Anemia is a state that occurs when hemoglobin (an iron-protein compound in red blood cells that transports oxygen) is decreased and your body has too few red blood cells. When there are too few red blood cells due to a lack of vitamin B12, the condition is described as pernicious anemia. The term pernicious was adopted many years ago when there was no effective treatment and this condition was inevitably fatal. Today, excellent therapies are available and most people can lead a normal life with very little adverse effects.

Pernicious anemia can affect all racial groups, but the incidence is higher among fair-haired people, especially those whose ancestors came from Scandinavia or Northern Europe. It usually doesn’t appear before the age of 30, although a juvenile form of the disease can occur in children. About 4% of Canadians have insufficient blood levels of vitamin B12.

Alternative names for pernicious anemia are vitamin B12 deficiency (malabsorption), Addison’s anemia, and congenital pernicious anemia.

Causes

Pernicious anemia is caused by a deficiency of vitamin B12, which is needed for normal production of red blood cells. It is often hereditary. Risk factors include a history of autoimmune endocrine disorders, a family history of pernicious anemia, and Scandinavian or Northern European descent.

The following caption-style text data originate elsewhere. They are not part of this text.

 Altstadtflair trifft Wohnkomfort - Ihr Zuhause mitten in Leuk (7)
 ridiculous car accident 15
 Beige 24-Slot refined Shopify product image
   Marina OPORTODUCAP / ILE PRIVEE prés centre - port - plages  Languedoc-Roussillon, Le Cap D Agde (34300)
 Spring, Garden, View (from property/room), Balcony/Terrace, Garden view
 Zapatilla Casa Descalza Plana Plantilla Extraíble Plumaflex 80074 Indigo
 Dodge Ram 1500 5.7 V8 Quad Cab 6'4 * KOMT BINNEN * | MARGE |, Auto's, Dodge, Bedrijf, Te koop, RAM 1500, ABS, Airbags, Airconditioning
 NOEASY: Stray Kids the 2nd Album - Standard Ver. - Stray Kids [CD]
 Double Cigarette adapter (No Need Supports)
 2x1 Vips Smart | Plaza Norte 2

The meat and dairy products we eat are our primary sources of vitamin B12. However, except in strict vegetarians, pernicious anemia isn’t simply caused by not eating enough of these foods. Usually, it is because of a failure in the complex process the digestive tract must go through to absorb vitamin B12.

In order for vitamin B12 to be absorbed by the small intestine, the cells that line a part of the stomach must produce a substance called intrinsic factor (IF). This substance attaches itself to vitamin B12, and both are absorbed in combination into the lowest portion of the small bowel (ileum), just before the small bowel enters the colon. If the ileum is damaged or removed in the course of surgery, the intrinsic factor/vitamin B12 combination will not be absorbed. People with conditions like Crohn’s disease, who often have surgery to remove part of their ileum (the part of the small intestine where vitamin B12 is absorbed), should be screened for vitamin B12 deficiency and treated if needed.

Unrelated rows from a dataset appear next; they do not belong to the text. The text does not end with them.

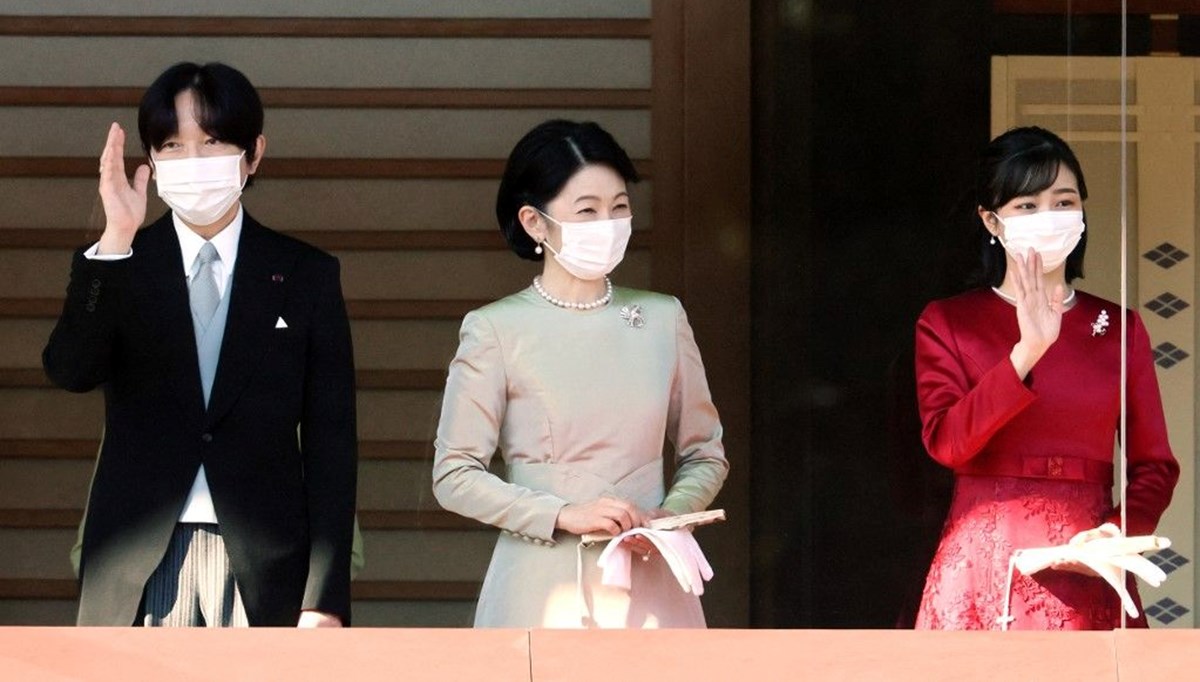 Japonya'da Prenses Kako, Covid-19'a yakalandı Japonya'da Prenses Kako, Covid-19'a yakalandı
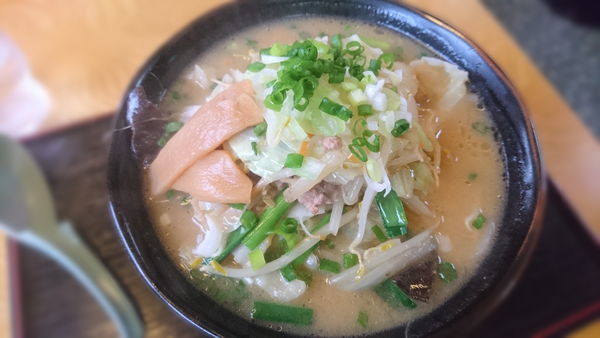 「じょう吉味噌ラーメン」@じょう吉亭の写真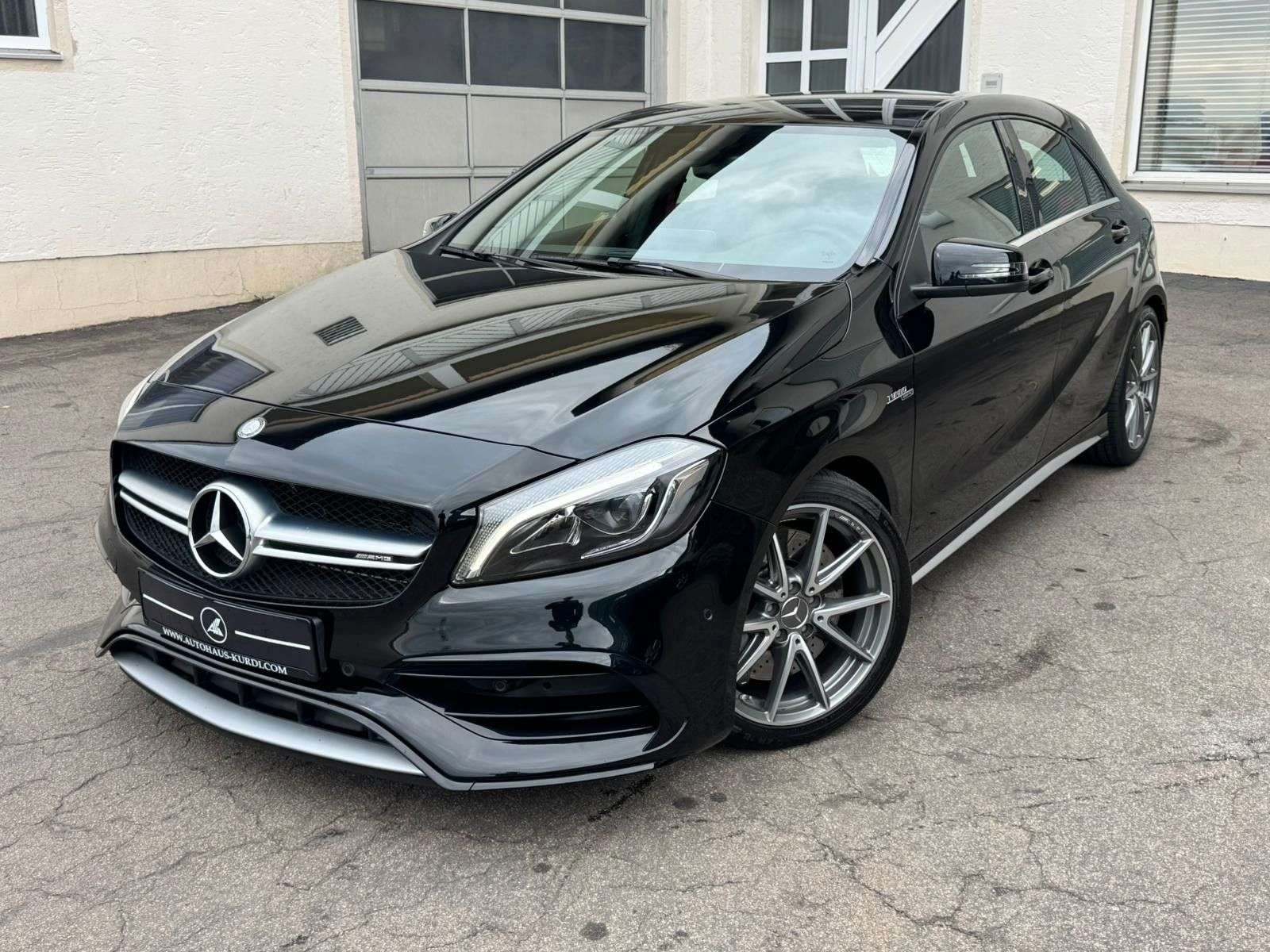 2016 Mercedes Benz A 45 AMG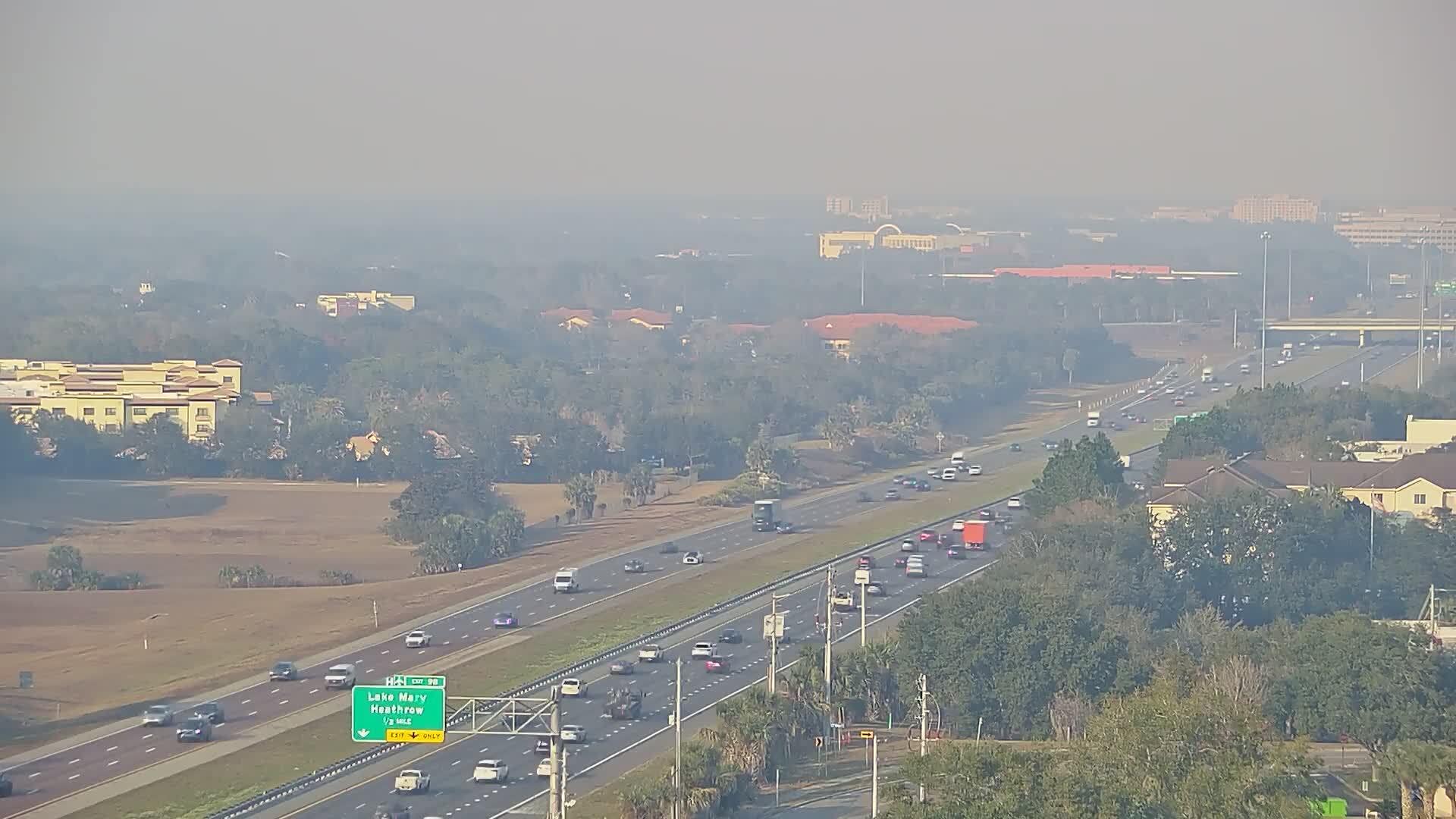 Seeing smoke? Here's what's causing hazy skies over Orlando area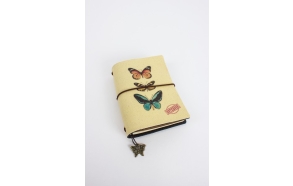 BUTTERFLY NOTEBOOK SMALL
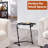 Accent Desk with Cup Holder Adjustable Folding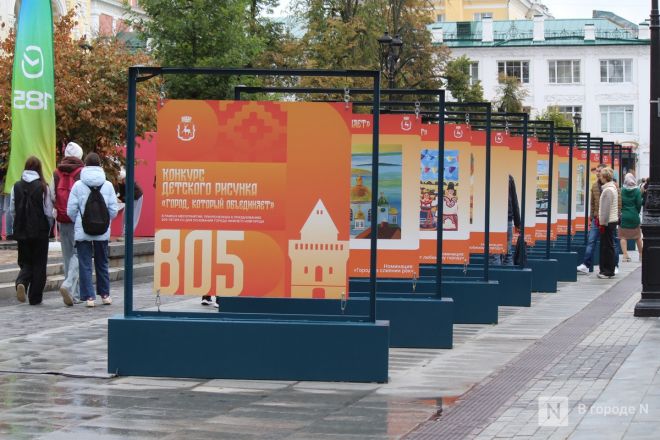 Нижнему Новгороду — 805 лет: большой фоторепортаж с Дня города - фото 108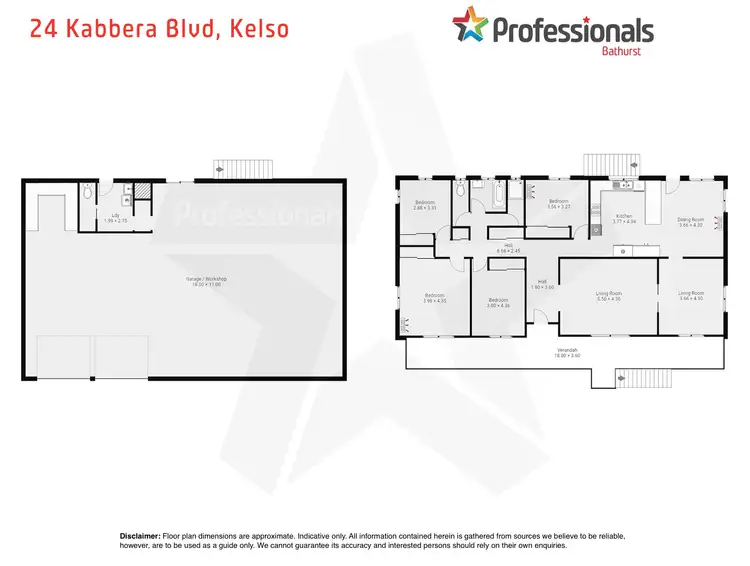 Floorplan of Homely house listing, 24 Kabbera Boulevard, Kelso NSW 2795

Lack of intrinsic factor may also be congenital (present at birth). This form of pernicious anemia (called juvenile or congenital) is usually seen before a child is three years old. It is believed that only one parent needs to carry the gene for this disorder to pass it along to a child.

Less common causes of decreased B12 absorption include chronic pancreatitis, malabsorption syndromes, certain medications, and, very rarely, increased metabolism of B12 through longstanding hyperthyroidism. A very common cause of

B12 deficiency in the elderly is inadequate absorption of dietary B12.

Pernicious anemia is often also seen in combination with some autoimmune endocrine (gland) diseases such as type 1 diabetes, hypoparathyroidism, Addison’s disease, and testicular dysfunction.

Certain antacids, heart medication, or diabetes medication may contribute to B12 deficiency.

Treatment and Prevention

The amount of B12 stored in the body is directly related to the amount that is taken in. The main treatment for pernicious anemia is injections of vitamin B12. Calculating the required amount of vitamin B12 needed can be difficult, because it must also replace the B12 stored in the liver.

At first there may be 5 to 7 injections in a short span of time. This therapy usually makes a difference within 48 to 72 hours, so there shouldn’t be any need for a blood transfusion. Eventually, injections can be given once a month and will probably continue indefinitely. Vitamin B12 can also be given by mouth in very large doses (0.5 mg to 2 mg per day) for maintenance treatment, making injections unnecessary.

Pernicious anemia cannot be treated without the help of a doctor. However, a well-balanced diet is essential to provide other components necessary for healthy blood cell development, such as folic acid, iron, and vitamin C.

Vitamin B12 therapy must be maintained for life unless the underlying cause of the deficiency is corrected.